Andrew Weaver, the sole B.C. Green MLA, is facing pressure to run for the leadership of the party despite saying he has no interest in the job about to open up with the departure of the current leader.

Mr. Weaver, a noted climate scientist who is also deputy leader of the B.C. Greens, said Wednesday he is more intent on learning to be a good MLA and working on issues important to his Oak Bay-Gordon Head constituents than succeeding Jane Sterk, who is stepping down after six years.

Ms. Sterk says Mr. Weaver should reconsider. National Green Party Leader Elizabeth May, speaking as an observer on the provincial party's affairs, said it's up to Mr. Weaver but that he would be a formidable leader of the provincial party, which won its first B.C. legislature seat in the May election.

Still, Ms. May doubted Mr. Weaver will change his mind. "There will be pressure on him, but I suspect he won't yield to that pressure."

In an e-mail, Mr. Weaver wrote that he hasn't even decided whether to seek re-election in 2017. The party, he wrote, should select an interim leader at the Aug. 24 general meeting during which Ms. Sterk has said she will resign.

"If I am the only sitting Green Party MLA and IF I decide to seek re-election in 2017, then I recognize that I would be expected to be the Leader and I would agree to seek that position. But there are two 'ifs' there," Mr. Weaver wrote from outside Canada where he is on vacation.

He won 40 per cent of the vote in his riding, defeating Liberal cabinet minister Ida Chong.

His stand appeared to catch Ms. Sterk off-guard. "Hopefully, he will change his mind," said Ms. Sterk, who touted Mr. Weaver as a leadership prospect while announcing her departure this week.

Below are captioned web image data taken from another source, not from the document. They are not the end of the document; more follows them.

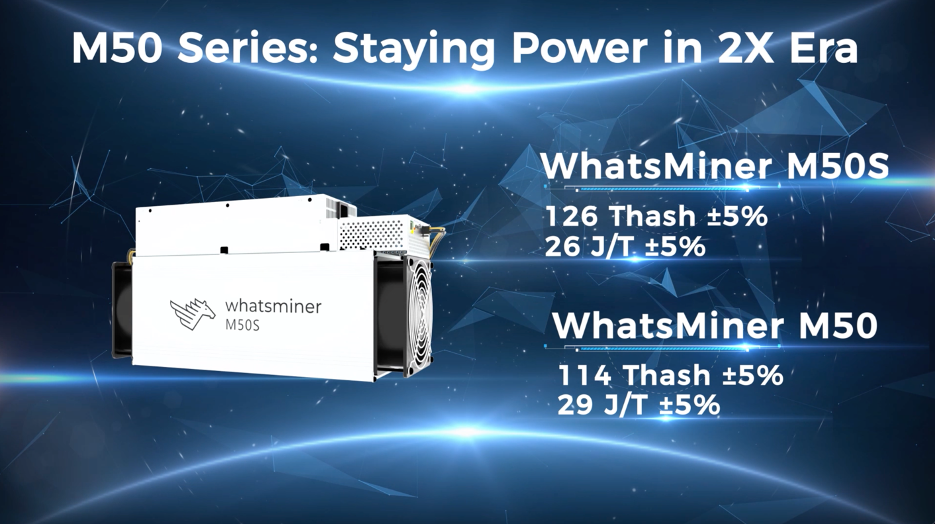 MicroBT Released WhatsMiner M50 Series to Step into 2XJ/T Era of Bitcoin Mining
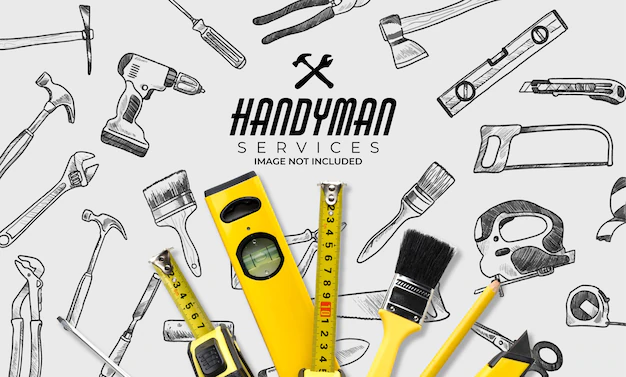 Free Vector | Handymand service banner with  black and white tools seamless pattern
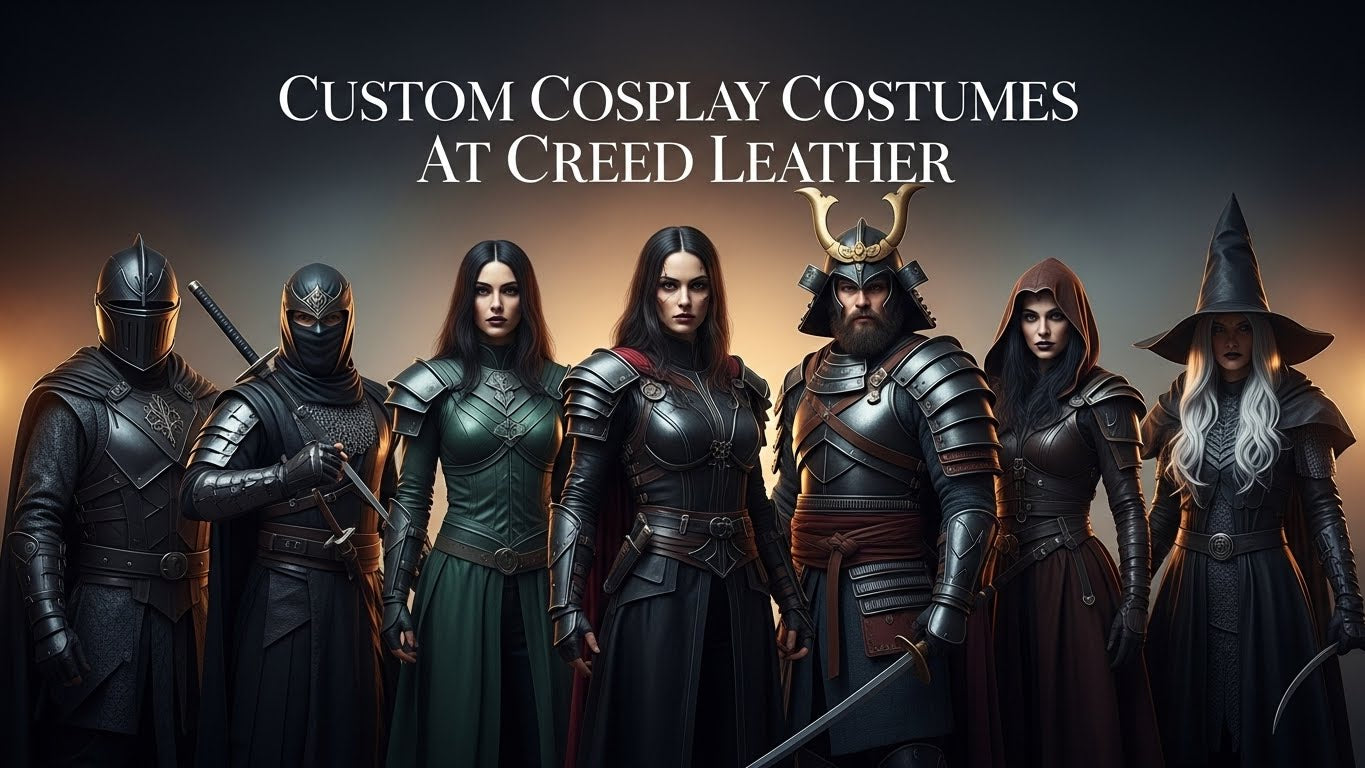 Custom cosplay costumes handmade in premium leather featuring ninja, dark knight, gothic queen, samurai, and medieval fantasy designs by Creed Leather.
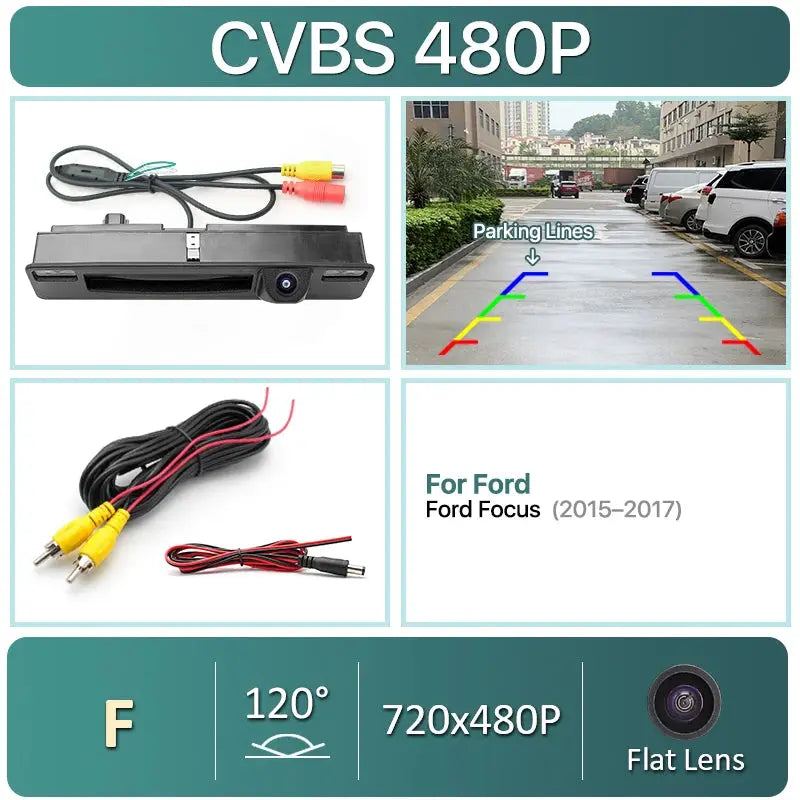 170° AHD 1080P Dynamic Trajectory Car Rear View Trunk Handle Camera For Ford Fiesta MK8 HB Focus Mk4 2015~2022 Android DVD by InterCyprus Trading Ltd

"It would be good for him to put his name into the hat for the leadership contest," she said, suggesting any leadership race is at least a year out while the party considers rules and timing. Ms. Sterk has said a competitive leadership race would be good for the Greens, and she hopes Mr. Weaver will be among the competitors. "His participation would make it exciting."

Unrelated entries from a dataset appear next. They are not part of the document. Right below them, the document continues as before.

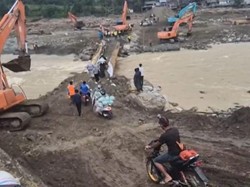 Jembatan Darurat Penghubung Nagan Raya-Aceh Tengah Rampung, Bisa Dilalui Motor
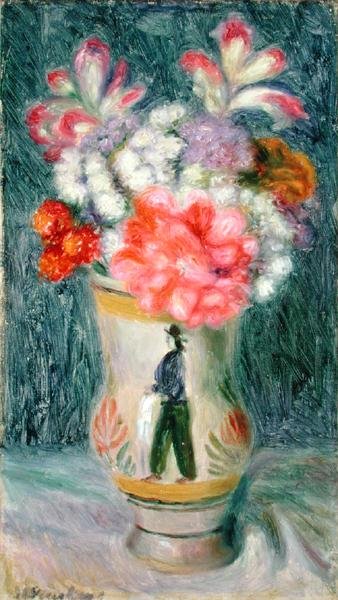 Blomster i en Quimper vase (olje på lerret) av William James Glackens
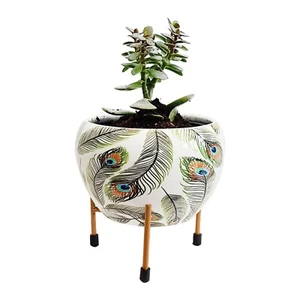 Plant Pot for Succulent with Stand Anti Rust Holder Home Office Decor Ornament - Picture 1 of 12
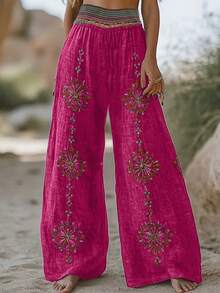 Plus Size - Plus Size - New Spring/Autumn Design Niche High Waist Retro Loose Casual Pants With Random Print Wide Leg - Red Rose - View 11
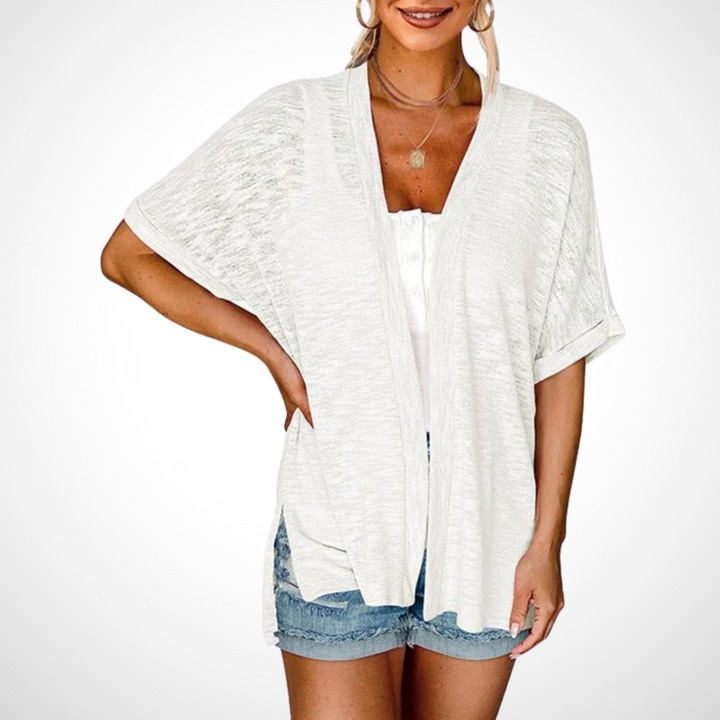 APPOLLINE | Stylish Flowy Short Sleeve Cardigan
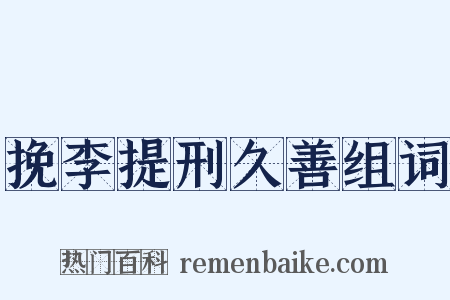 挽李提刑久善组词是什么意思的图片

Also, she said it would be a "logical extension" for the party's only MLA to be its leader. "Hopefully, with time to reflect, he'll decide that it would be fun to put his name forward."

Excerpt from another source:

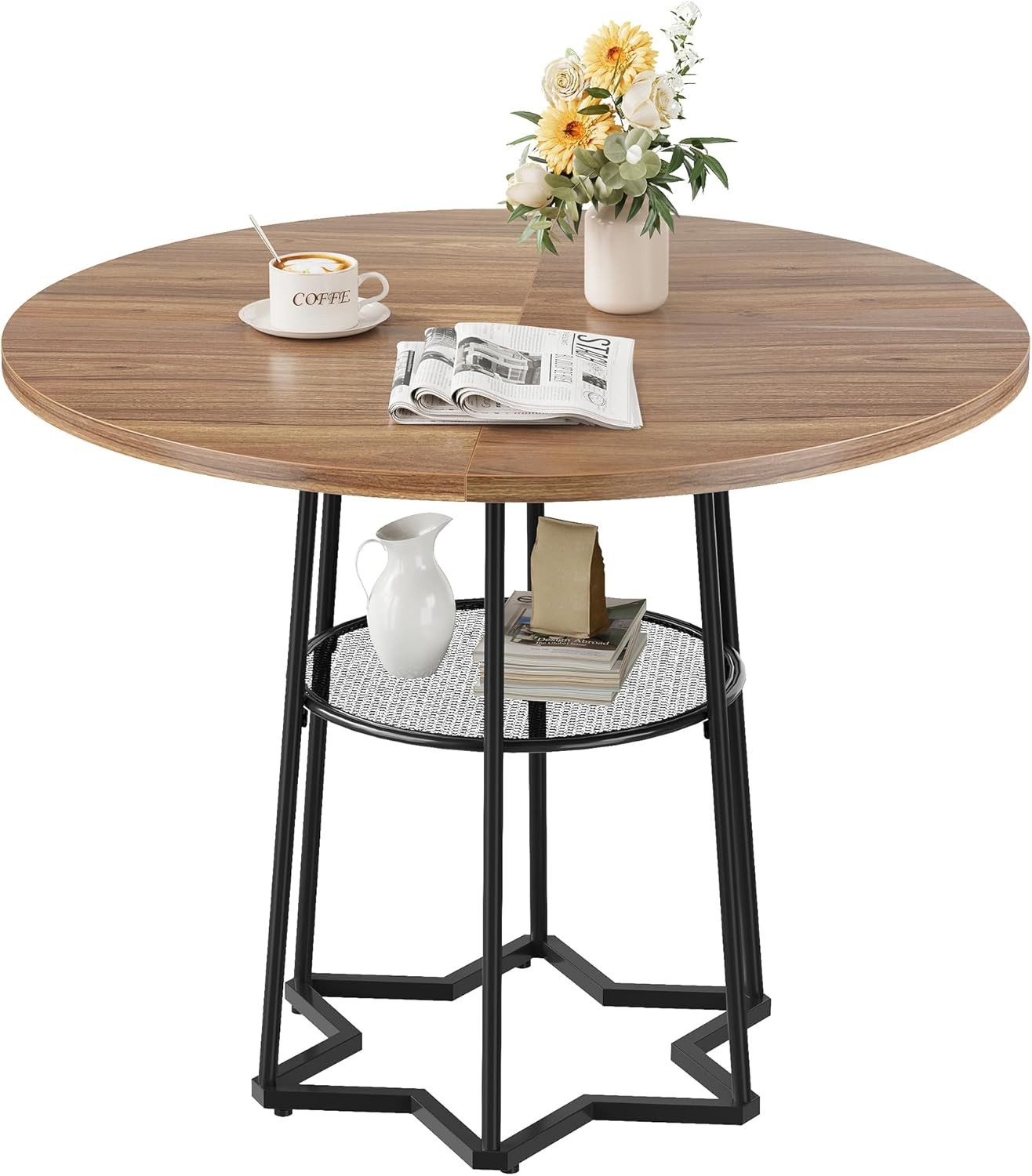 GarveeMore Esstisch Runder aus Holz mit Ablagefach für 4 Personen,98x98x76cm, Landhausküchentisch mit Metallgestell, für Esszimmer und Wohnzimmer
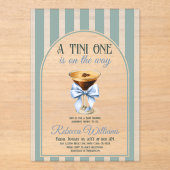 Koffiethema Espresso Martini Blue Bow Baby shower Acryl Uitnodigingen (Voorkant)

Ms. May, the party's only MP, said there's an immediate sense that Mr. Weaver is the "high profile, odds-on successor to Jane Sterk," but that she knows he is focused on his work as an MLA. She said they often discussed the leadership of the B.C. Greens because it was clear Ms. Sterk wouldn't stay if she were defeated in her bid to win a seat.

The MP for Saanich-Gulf Islands spoke of Adam Olsen as a leadership prospect. The former Saanich councillor ran in Saanich North and the Islands during the provincial election and came within 387 votes of the winning NDP candidate, placing third with 31.9 per cent of the vote.

"I would think Adam Olsen would be another likely possibility for either leader or interim leader while the party is figuring how to build and elect more than Andrew in the next provincial election. Adam is fantastic."

Mr. Olsen said he isn't ruling out a run for the leadership, but that it's too soon to make any commitments. He said, in an interview, that he respects Mr. Weaver's interest in learning the ropes of being an MLA. "In the long term, should be the leader of the party? I think there are some definite strengths to having the leader of the party sitting in the legislature."

The Greens won 8.13 per cent of the popular vote in the provincial election. The Liberals won 44 per cent and the NDP 39.7 per cent, placing first and second to the Greens' third.